My trip to the Wichita Mountain National Wildlife Refuge introduced me to the concept of a “photo safari.” I am not sure whether Richard Barron used that term or not, but it became lodged in my brain shortly thereafter. It is, put simply, a trip that is taken solely for the purpose of finding photos. The Wichitas was certainly a spectacular place to start.
The biggest challenge of this adventure in early January of 2014 was not operating the camera or lens, figuring out which aperture or ISO setting to use, or where to point the camera to get a great photo. It was surviving the adventure itself. Lots of hiking was involved, in places that were either icy or filled with prickly pear or both. Looking back, I realize how incredibly dangerous it was going hiking in this self-titled wilderness. One wrong step and it would have been an emergency helicopter flight the hell out of there.
We also had to survive powerful wind gusts and icy temperatures. But the trip was so well worth it that I never thought about complaining. Bison, ice floes, wild cactus, immense boulders, exhausting climbs, wind turbines, and breath-taking vistas were the order of the day.
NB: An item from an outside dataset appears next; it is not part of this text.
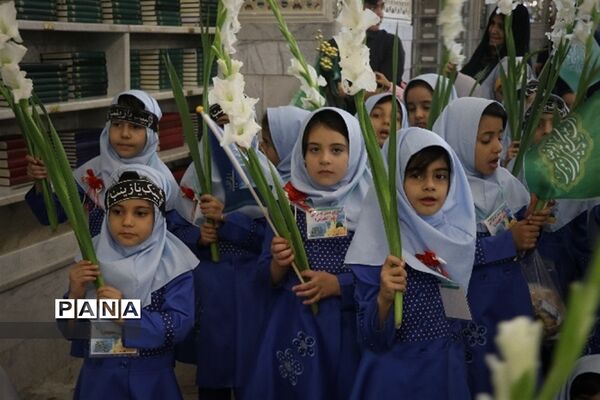 جشن شکوفه ها با حضور کلاس اولی ها در حرم مطهر امام هشتم (ع)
I’d go again in a heartbeat.
These are by no means the most striking images from the trip, but I found them in a folder and realized I hadn’t posted a few of them anywhere before. I used a Tamron 18-200mm lens the entire day and was pleased with the results, though today I’d probably shoot with something different. But who’s keeping score? On safari, you do the best you can and just and enjoy the ride.